Contro questo argomentare il C. insorge con il presente ricorso e al riguardo il Collegio osserva quanto segue.
2.-In punto di fatto è pacifico tra le parti che fu concluso un contratto di locazione secondo la disciplina dei c.d. patti in deroga ed era previsto un aggiornamento del canone nella misura del 5%.
Nella pendenza del contratto ebbe luogo una transazione che concludeva le controversie tra il R. e la s.r.l. F., concernente opposizione all’esecuzione in una controversia tra il R. e il C. circa la risoluzione della locazione.
Nell’atto transattivo il C. rinunciava ad impugnare la sentenza di primo grado RG. n. 3697/01 che portava condanna del R. alle spese di lite e il R. rinunciava alla prosecuzione del giudizio di opposizione all’esecuzione “Tale rinuncia agli atti comporta anche rinuncia all’azione di risoluzione da parte del C. e ad ogni ulteriore pretesa fatta valere dal ******* con l’opposta esecuzione.
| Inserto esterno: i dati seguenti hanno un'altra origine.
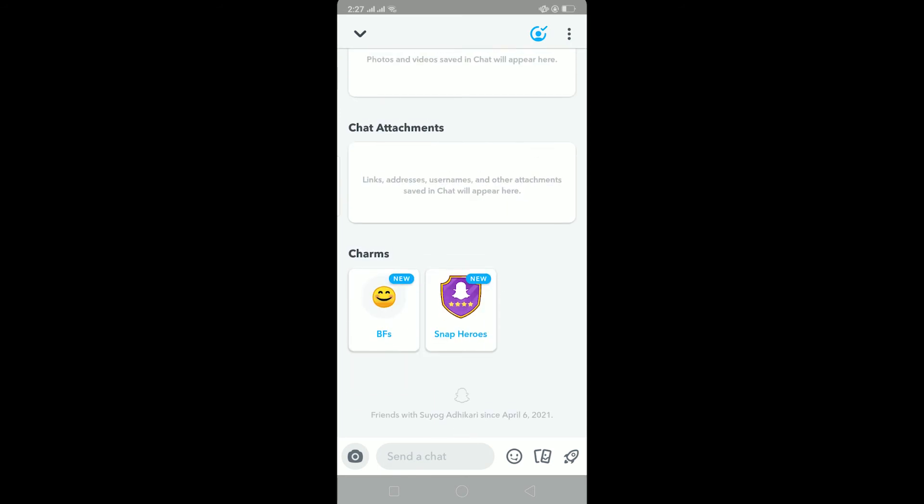And Snap Hero. That's basically how you view Snapchat charms. If you guys found this video helpful, then be sure to like and subscribe with notifications turned on to our channel. To get notified for our future videos, be sure to subscribe with notifications on, and I'll be signing out. Have a nice day everybody, peace out.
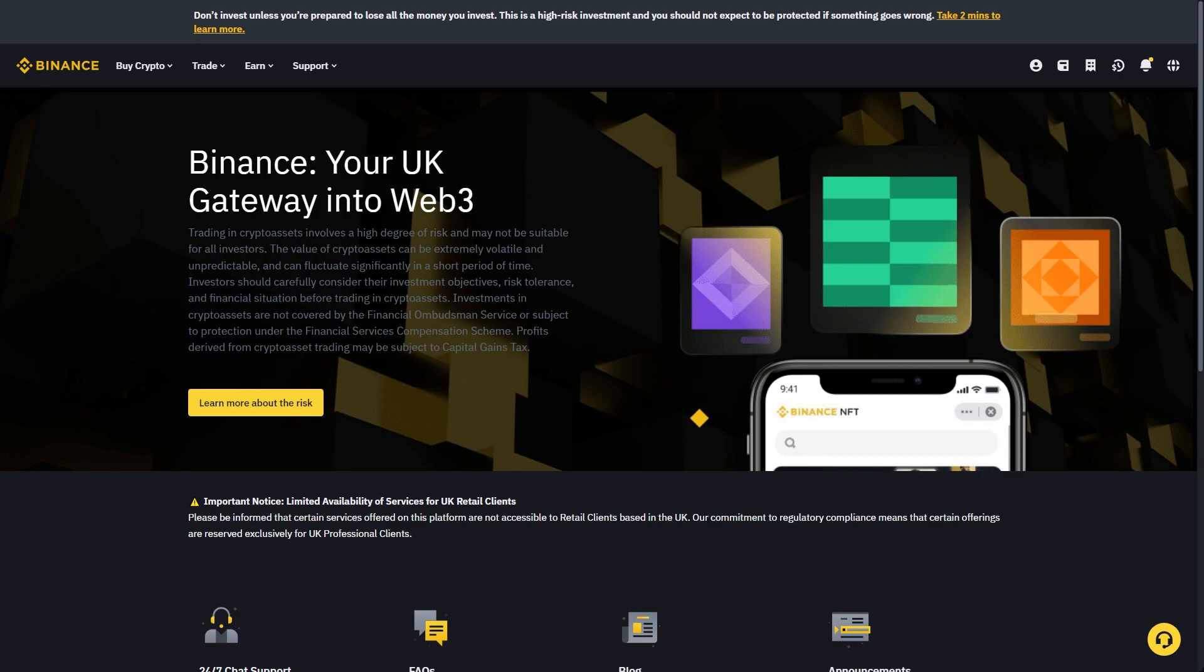In order to buy USDT using our Cash App account, we first need to head over to some sort of crypto exchange, and for this video I'll be using Binance.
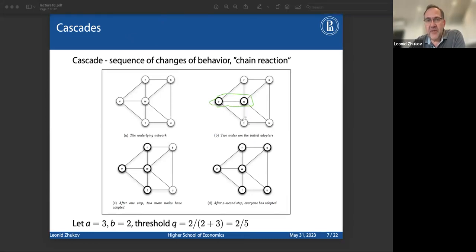In the critical mass model (linear threshold model), the idea is that in order for a node in the graph to switch to a new behavior — to respond to an influence — it needs some critical number of neighbors to already respond to that influence. When the threshold is crossed, the node switches. If there is some threshold parameter, and as soon as within the neighborhood the fraction of nodes that switched the behavior exceeds it, this node will switch behavior. This is the linear threshold model or critical mass model.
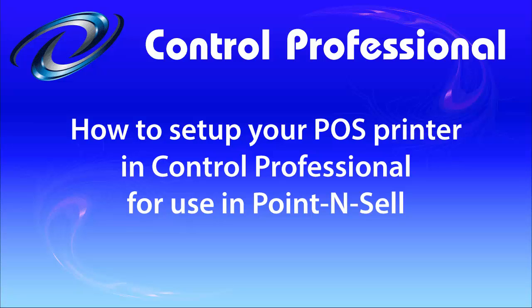This tutorial will guide you through setting up your receipt printer in Control Professional for use in Point and Sell. Before proceeding, please ensure you have installed your printer with drivers supplied by the manufacturer.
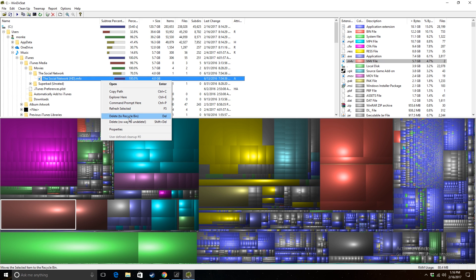Delete the biggest files especially if you don't need them. You can right-click on a file and you'll have options to either explore that path or just delete it right then and there. I really hope this helps — just follow these easy steps, go through every single file, delete the ones you don't need, and keep going as much as you want. Thank you guys for watching, I'll see you in the next video.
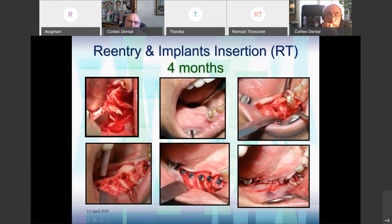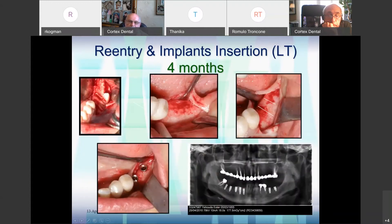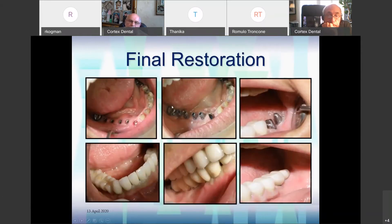When we opened for the implant placement, you can see some bone was missing, so after inserting the implant we filled again with bone in this area. The final result: we started with this on the left side — look at the nice crest. And on the right side — look here. And with the final restoration.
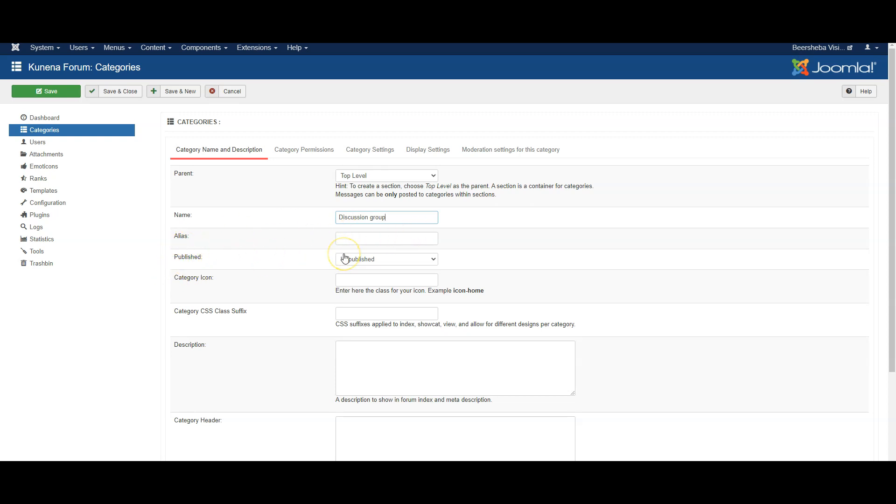Published means is it available to the public or not. That should be set to yes if this is going to be used actively.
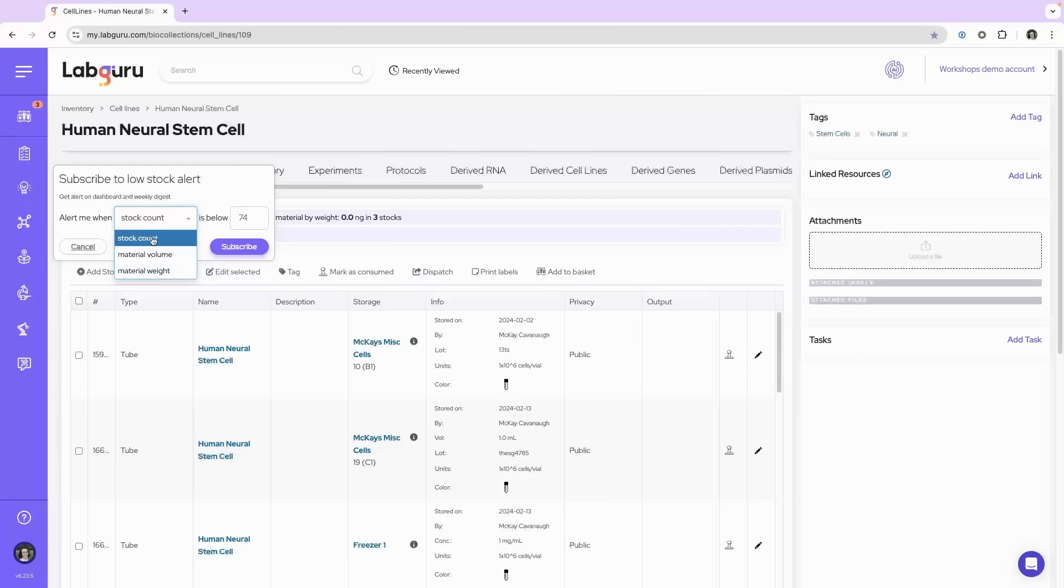So what I'll do is select stock count and now I will tell it how many stocks that threshold should be. I'm going to say the count is 50.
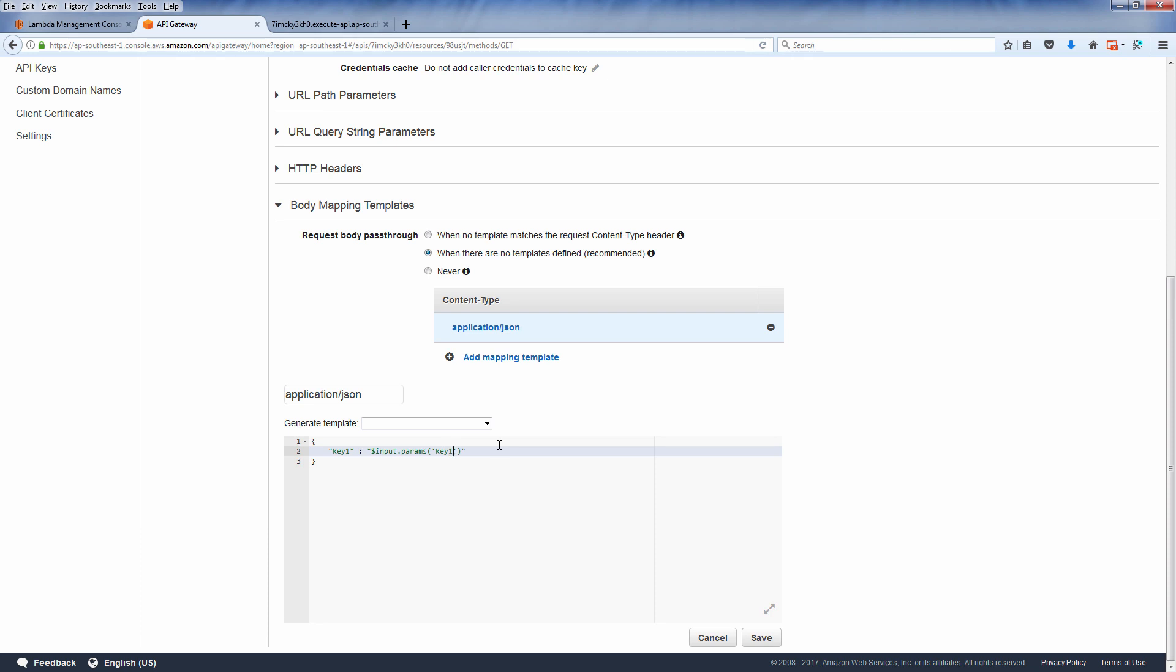The left-hand side key1 is the key name that you can access on the event object in your lambda function. The right-hand side key1 is what you need to pass on the request URL.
Sempre con eventuale accettazione dell’altrui rinuncia” (p.6-7 ricorso).
Ad illustrazione della censura viene formulato il seguente quesito di diritto (p.8):
Se la transazione intervenuta tra le parti di un contratto di locazione, avente ad oggetto il pagamento dei canoni, precluda o meno alla parte locataria di sollevare una nuova questione in ordine alla determinazione dell’ammontare dei canoni medesimi”.
Così come formulato, il quesito non coglie la statuizione di cui a p.5 della sentenza impugnata e nel motivo si rinviene una valutazione che involge accertamenti in fatto. Peraltro, esso è infondato perché la sentenza ha escluso che la rinuncia del R. si estendesse anche a tale questione (v. p. 4 sentenza impugnata).
E ciò dovendosi sottolineare, inoltre, come è noto, la clausola contrattuale che preveda l’aggiornamento automatico del canone su base annua senza necessità di richiesta espressa del locatore è affetta da nullità in base al comb. disp. degli artt. 24 e 29 della legge n.392/8 perché l’art. 11 del d.l. n. 333/92 convertito in legge n.359/92 al comma secondo ultima parte stabilisce che per detti contratti resta ferma l’applicabilità della disciplina degli artt. 24 e 30 della legge n. 392/78 (Cass. n. 2884/05).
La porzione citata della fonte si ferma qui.